--- PROVIDED DATA Enclosed Below ---

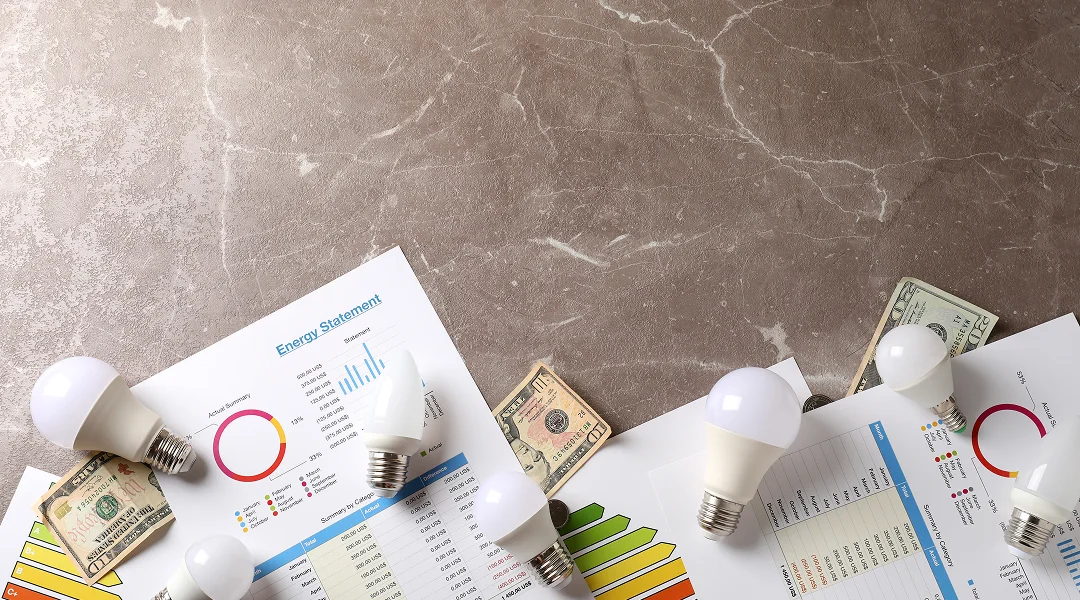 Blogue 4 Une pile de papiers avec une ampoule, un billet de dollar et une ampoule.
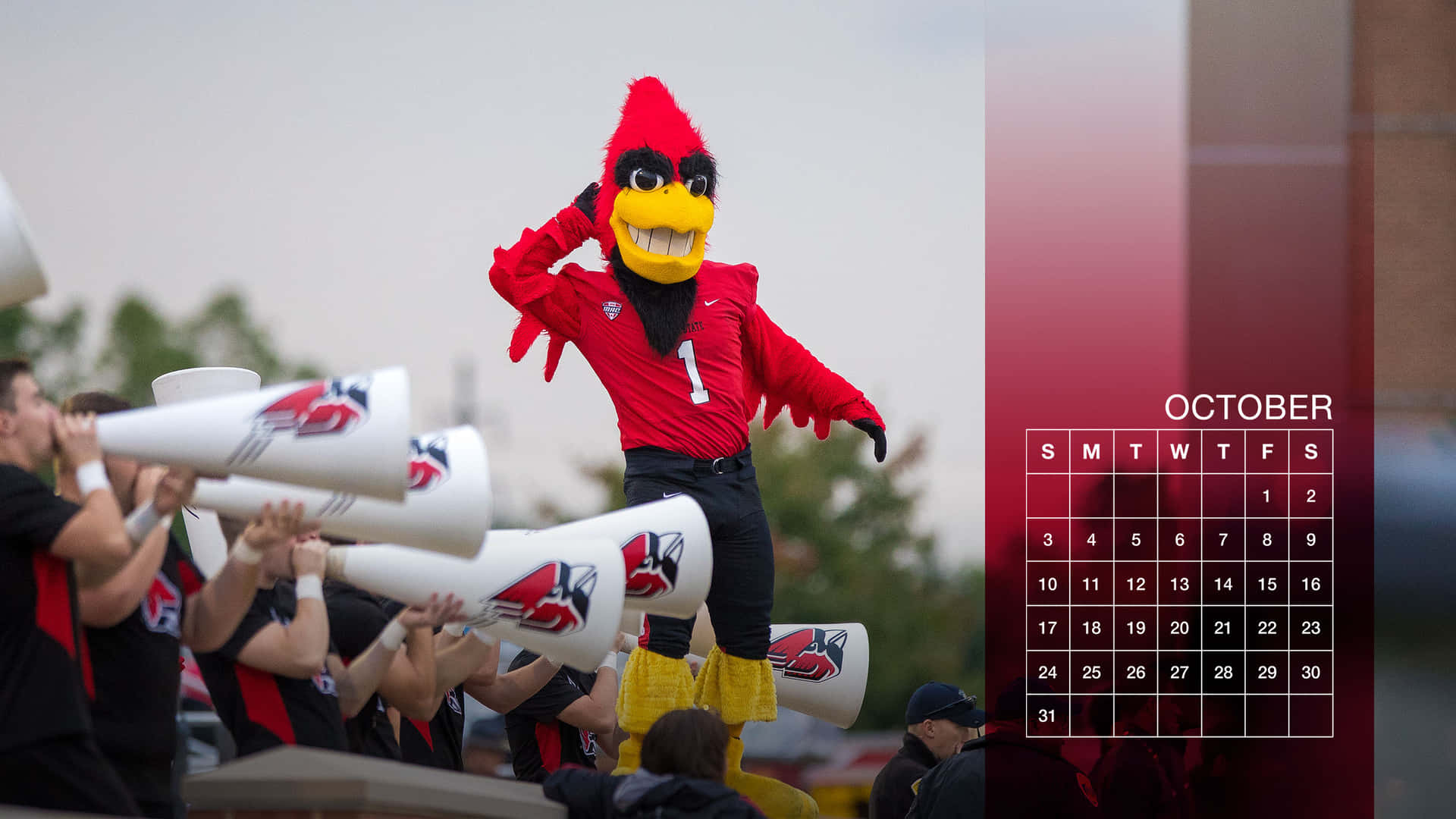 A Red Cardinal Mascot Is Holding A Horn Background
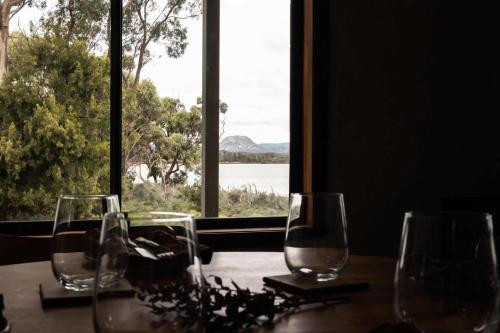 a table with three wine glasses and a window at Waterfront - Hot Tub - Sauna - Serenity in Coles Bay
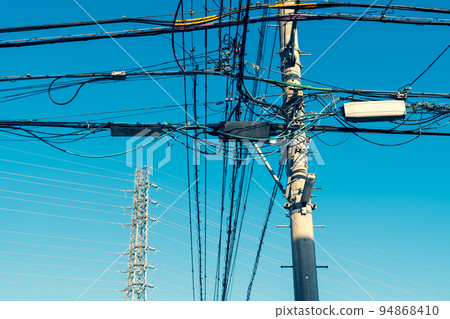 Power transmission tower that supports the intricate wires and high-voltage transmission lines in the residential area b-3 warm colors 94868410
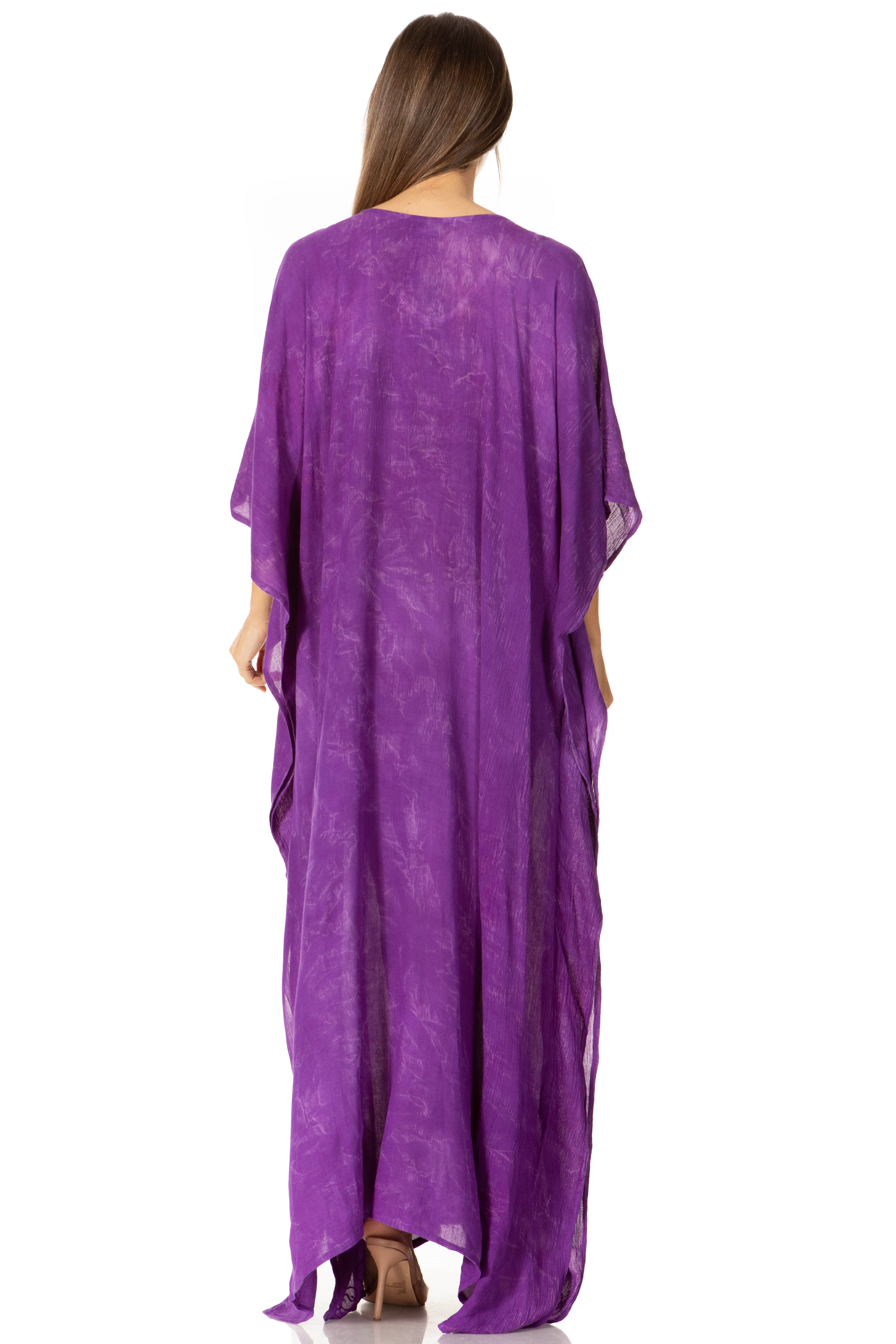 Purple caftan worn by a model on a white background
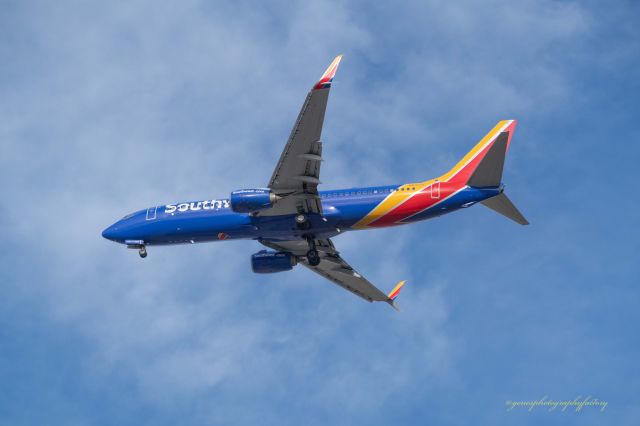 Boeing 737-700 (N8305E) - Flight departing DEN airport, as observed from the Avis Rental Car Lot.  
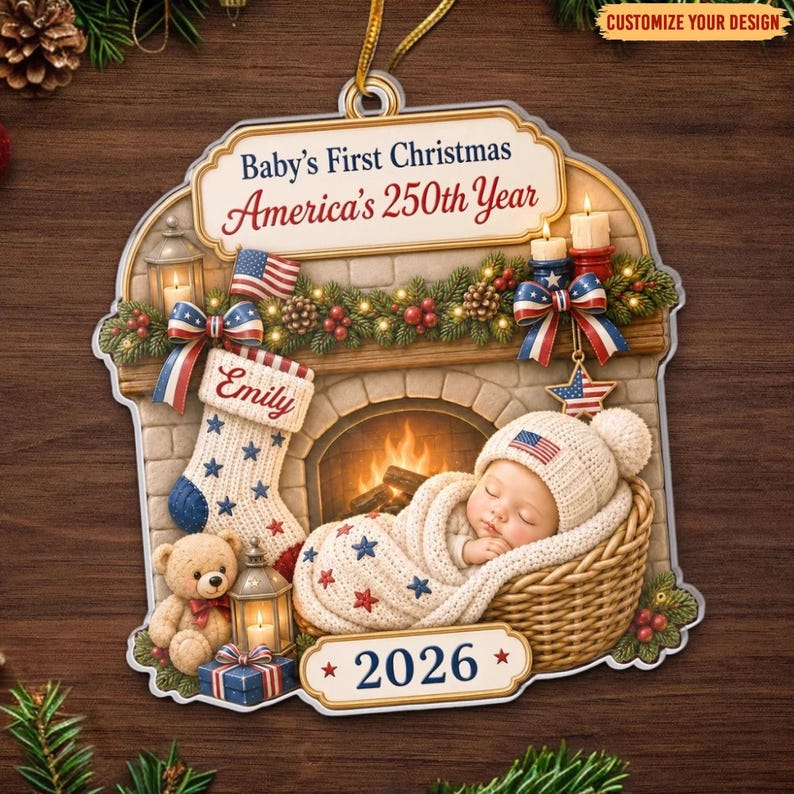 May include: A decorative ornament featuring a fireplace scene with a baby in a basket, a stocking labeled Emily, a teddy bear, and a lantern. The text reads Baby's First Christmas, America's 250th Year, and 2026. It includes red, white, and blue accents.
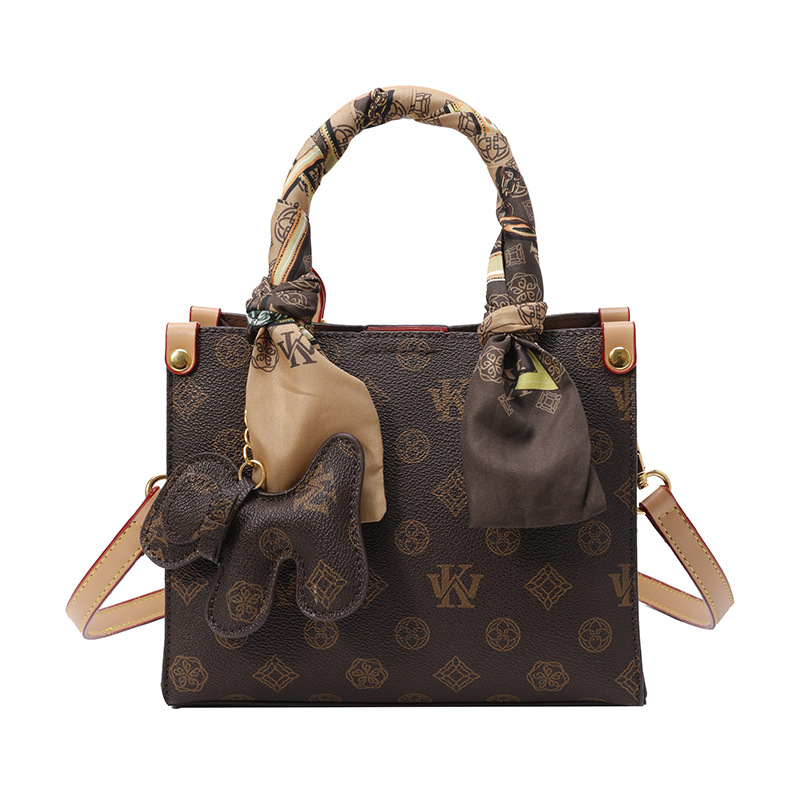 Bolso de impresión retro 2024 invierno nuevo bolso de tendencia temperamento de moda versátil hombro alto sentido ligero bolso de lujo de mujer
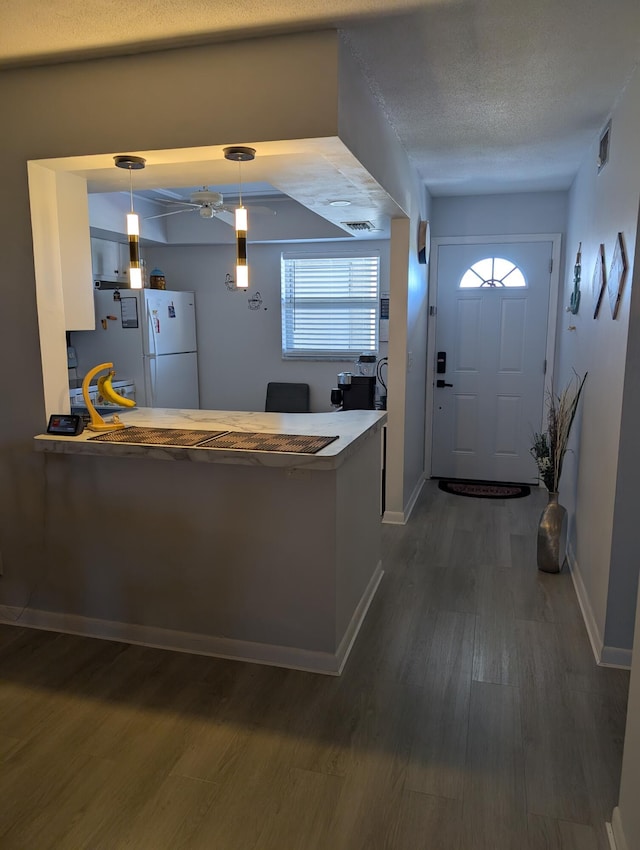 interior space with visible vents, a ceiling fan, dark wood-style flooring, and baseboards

--- End of Enclosed PROVIDED DATA ---

Restate, word for word and without pictures, the lines from the line containing "Bolso de impresión" to the last line of the records above.

## WRITTEN SOLUTION
 Bolso de impresión retro 2024 invierno nuevo bolso de tendencia temperamento de moda versátil hombro alto sentido ligero bolso de lujo de mujer
 interior space with visible vents, a ceiling fan, dark wood-style flooring, and baseboards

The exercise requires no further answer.